I started game one with a surprisingly aggressive curve of Deadly Grub into a morph and then Scourge Devil- lining up exceptionally well against his turn 3 Forbidden Alchemy. A mid-combat Wild Hunger provides great value on his first block, but he soon stabilizes at 7 life thanks to a Rathi Trapper and a heavily-delved Death Rattle. At 6 mana he taps out for a 4/4 Nightmare, losing the tap ability of the trapper for a turn. With wild hunger in the graveyard my devil and morph represent lethal, and he’s forced to block with the nightmare immediately and still drop to 3 life. The following turn he Vapor Snare’s my tapped morph and then makes the fateful decision to attack me with the trapper, commenting that he doesn’t think I have haste and needs to deal some damage. The unearthed devil (cough haste) attacks past the tapped morph and trapper for a rather undeserved win.

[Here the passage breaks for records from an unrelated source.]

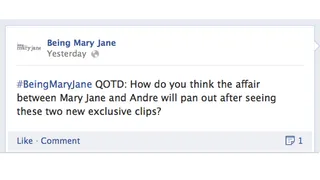 How Will It End? - We asked you how you think the affair between Mary Jane and Andre would end up and here are some of your best responses.(Photo: Facebook.com/BeingMaryJane)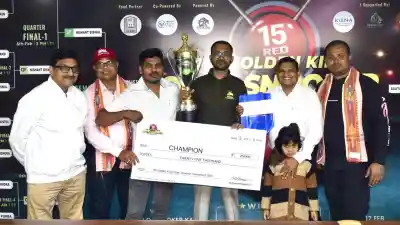 Ashutosh wins Open Snooker Championship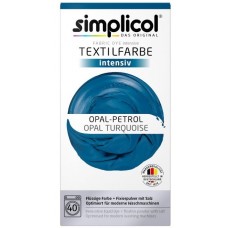 Vopsea pentru țesături Simplicol Opal-Petrol 400g+150ml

Game two saw a parade of awkward board states and interactions. He opened with Death’s-Head Buzzard which invalidated my plan of turn 3 Vulshok Sorcerer, so I played a morph instead. He then plays Putrid Cyclops scrying away the top card and revealing Strongarm Tactics. I miss my land drop and swing hoping he blocks the morph with the cyclops - he does, and a fireball on the buzzard provides a board wipe and some breathing room. He smiles and plays Mirror-Mad Phantasm (“I wanted that buzzard dead!”) and then I smile and play the Vulshok Sorcerer (“so did I!”). Good times all around, but I am stuck on 3 lands with no green mana for an unholy number of turns and in the end despite my excellent answer to the phantasm some morphs and a Grixis Slavedriver put me out of my misery.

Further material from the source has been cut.